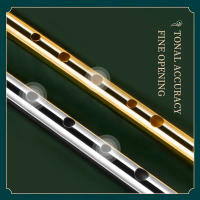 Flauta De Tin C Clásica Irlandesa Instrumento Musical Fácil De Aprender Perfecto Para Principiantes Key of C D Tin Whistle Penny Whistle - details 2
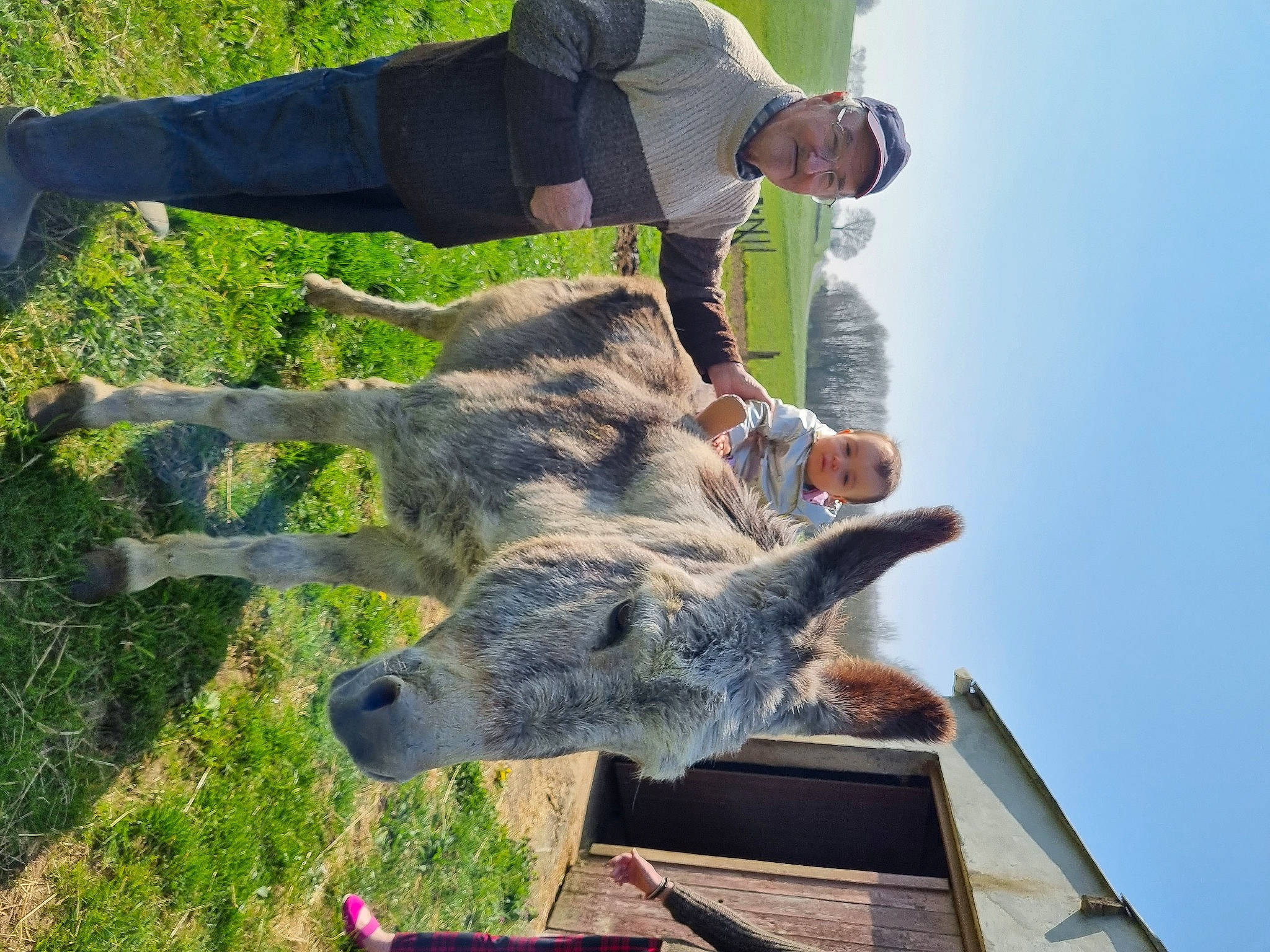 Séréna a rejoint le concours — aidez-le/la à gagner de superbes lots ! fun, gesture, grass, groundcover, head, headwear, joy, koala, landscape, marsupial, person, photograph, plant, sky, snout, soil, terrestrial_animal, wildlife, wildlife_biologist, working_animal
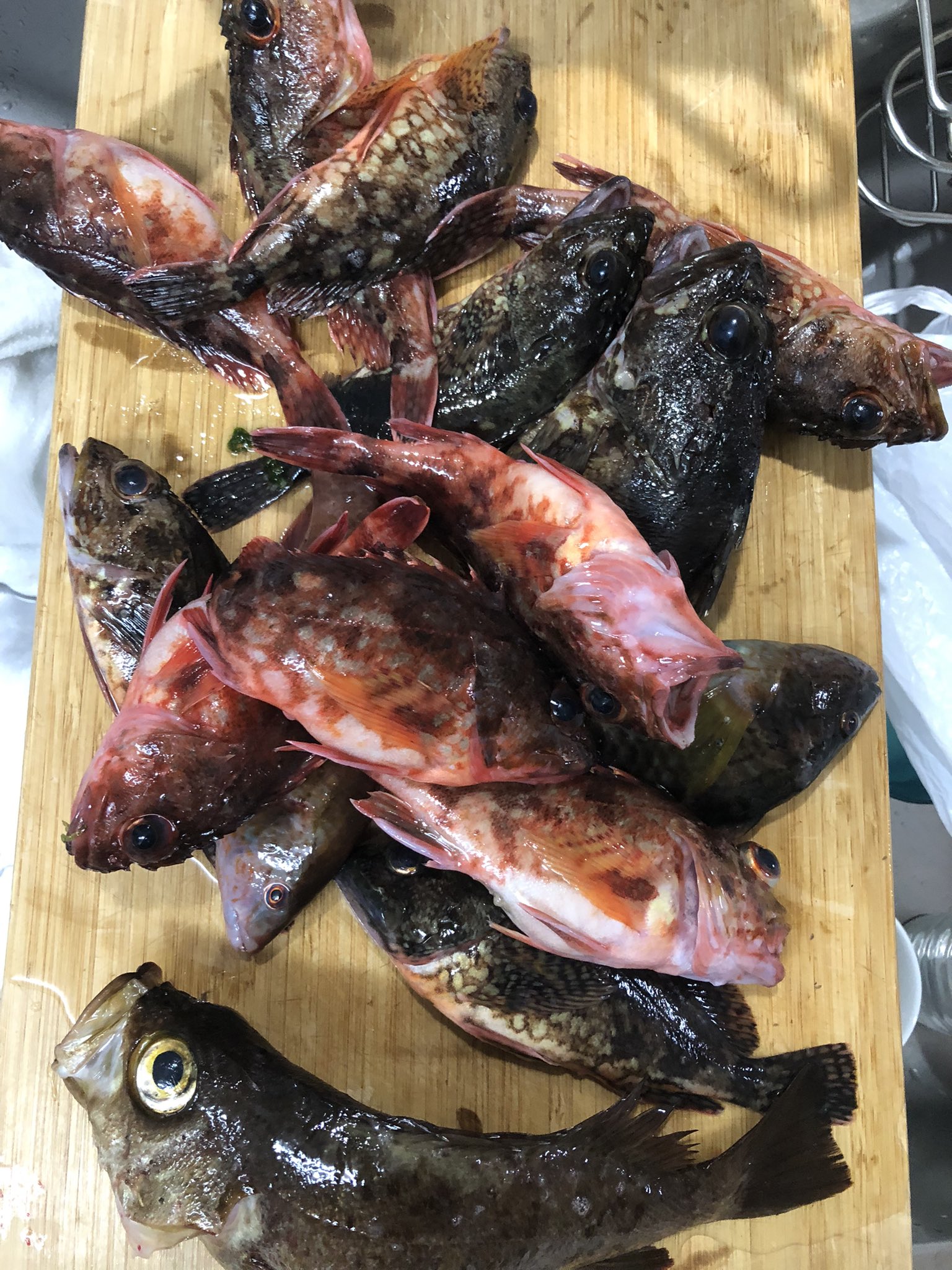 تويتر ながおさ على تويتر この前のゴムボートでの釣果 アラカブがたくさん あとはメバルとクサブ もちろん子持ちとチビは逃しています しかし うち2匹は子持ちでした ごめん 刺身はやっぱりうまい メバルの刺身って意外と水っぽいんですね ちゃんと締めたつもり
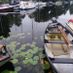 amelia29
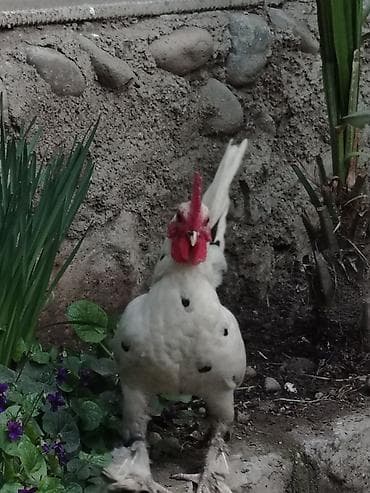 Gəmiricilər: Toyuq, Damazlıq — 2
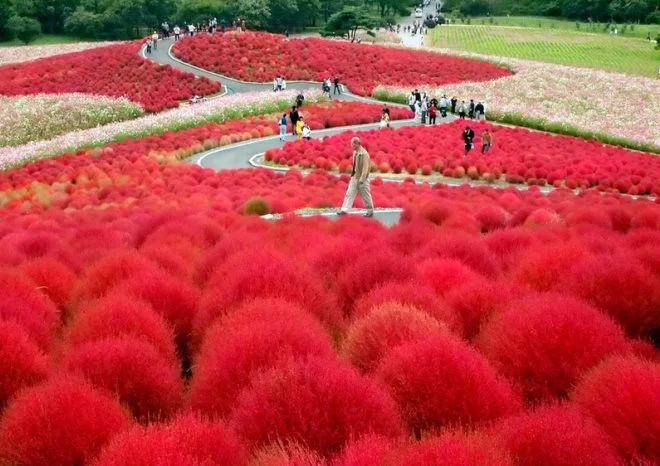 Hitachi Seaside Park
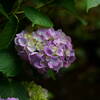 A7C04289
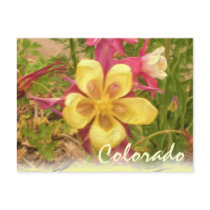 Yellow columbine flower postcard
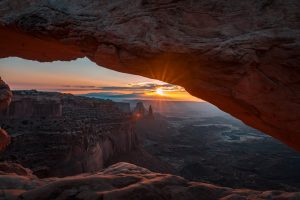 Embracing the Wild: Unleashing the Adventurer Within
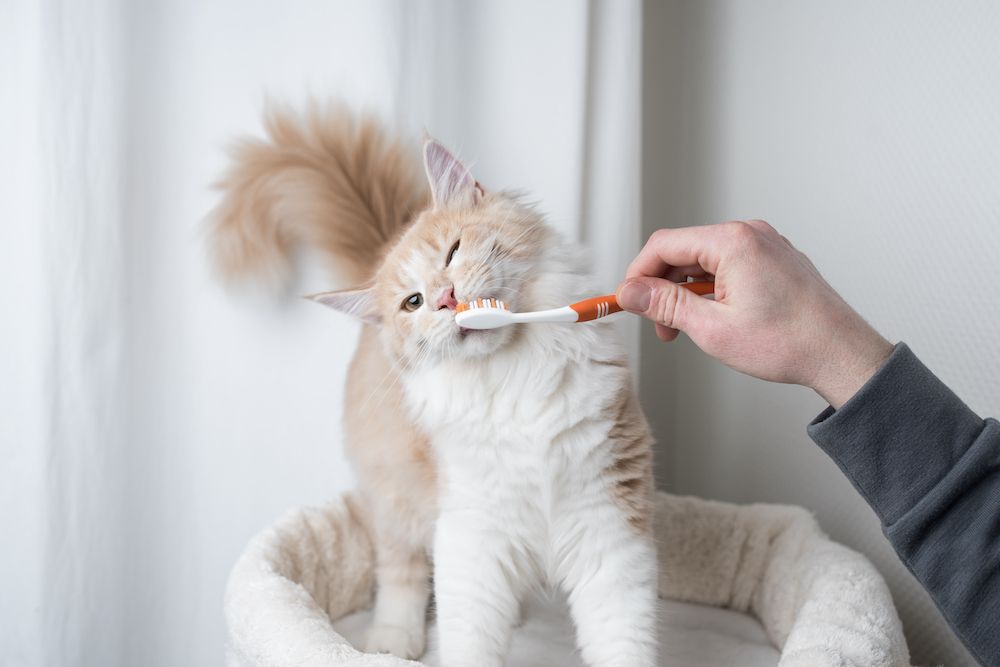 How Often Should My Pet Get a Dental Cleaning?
++++++
Brief — Leaving the pictures aside, output each entry above exactly as written.

Written answer —
 Flauta De Tin C Clásica Irlandesa Instrumento Musical Fácil De Aprender Perfecto Para Principiantes Key of C D Tin Whistle Penny Whistle - details 2
 Séréna a rejoint le concours — aidez-le/la à gagner de superbes lots ! fun, gesture, grass, groundcover, head, headwear, joy, koala, landscape, marsupial, person, photograph, plant, sky, snout, soil, terrestrial_animal, wildlife, wildlife_biologist, working_animal
 تويتر ながおさ على تويتر この前のゴムボートでの釣果 アラカブがたくさん あとはメバルとクサブ もちろん子持ちとチビは逃しています しかし うち2匹は子持ちでした ごめん 刺身はやっぱりうまい メバルの刺身って意外と水っぽいんですね ちゃんと締めたつもり
 amelia29
 Gəmiricilər: Toyuq, Damazlıq — 2
 Hitachi Seaside Park
 A7C04289
 Yellow columbine flower postcard
 Embracing the Wild: Unleashing the Adventurer Within
 How Often Should My Pet Get a Dental Cleaning?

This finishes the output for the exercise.